Although the cause of levodopa-induced dyskinesia is still unclear, these motor complications appear to be due to abnormal dopamine transmission in the brain. Compelling evidence has highlighted a key role of neurosteroids (steroids that are capable of regulating neuronal activities) in the modulation of the dopaminergic system. We recently demonstrated that 5-alpha reductase activity, a key enzyme for the biosynthesis of neurosteroids, regulates dopaminergic signaling in brain areas involved in levodopa-induced dyskinesia. Interestingly, the 5-alpha reductase inhibitor finasteride has also been shown to exert therapeutic effects in patients with movement disorders related to imbalances of dopamine signaling, such as schizophrenia and Tourette syndrome.
We hypothesize that inhibition of 5-alpha reductase by finasteride is able to counteract dyskinesia in a pre-clinical model of Parkinson’s disease.
We will test the effects of chronic treatment with different doses of finasteride on dyskinesia in parkinsonian models with induced dyskinesia by daily treatment with levodopa. Then the dyskinetic models will be daily injected with different doses of finasteride for two to three weeks to establish the long-term effect on dyskinesia and the best dosing regimen.
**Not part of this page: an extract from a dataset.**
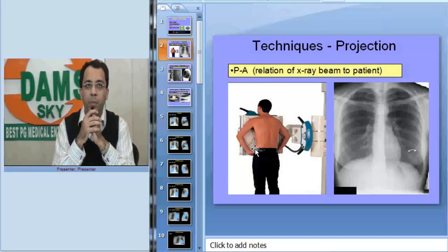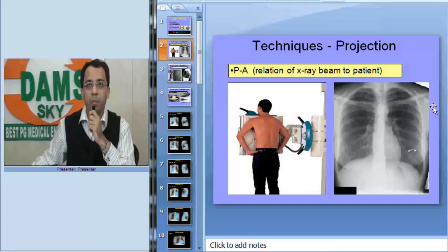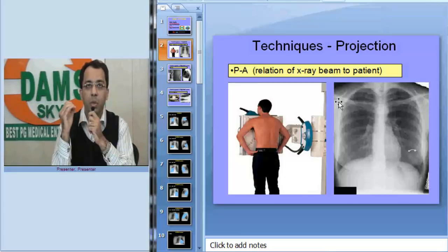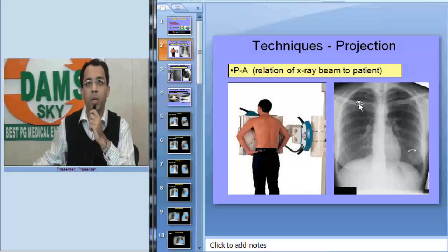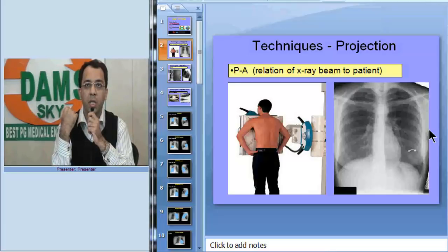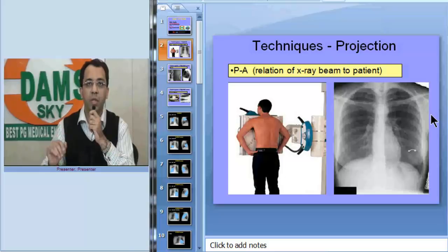A very common question physicians ask is how do we differentiate between a PA view and an AP view? Look at the scapula always. In a PA view, because the patient is standing erect, we can ask him to rotate his shoulders forward, so the scapula is removed from the lung field. In an AP film, the patient is lying down, so the scapula overlies the lung fields.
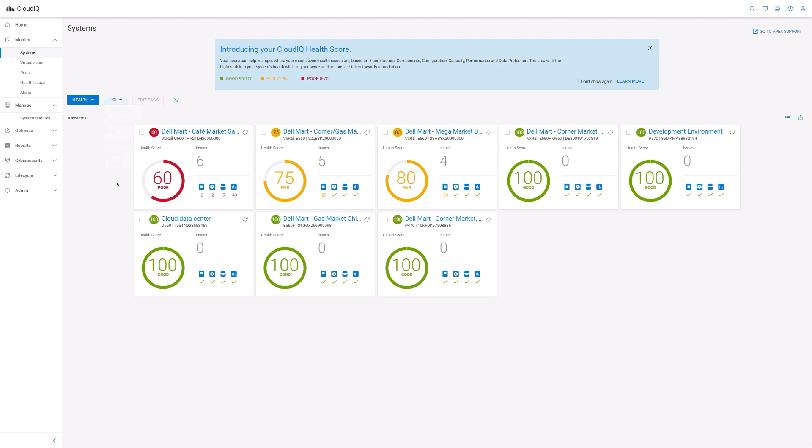From this system health tab, you can easily view all your VxRail clusters and gauge their individual health with simple aggregate health scores. The health score has a range of 0 to 100. Green indicates that the cluster is in good health with a score between 95 and 100. Yellow means that the cluster is in fair health with a score between 71 and 94, and red means poor cluster health with a score below 71.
Impact on Diagnosis/Treatment of Parkinson’s Disease:
Finasteride is a licensed drug currently available for the management of benign prostatic hyperplasia and androgenic alopecia. If shown effective in controlling levodopa-induced dyskinesia, this therapy may be accelerated through clinical testing and beneficial to people with Parkinson’s experiencing these motor fluctuations.
Next Steps for Development:
Should our promising preliminary data be confirmed, this project may rapidly translate into a clinical investigation.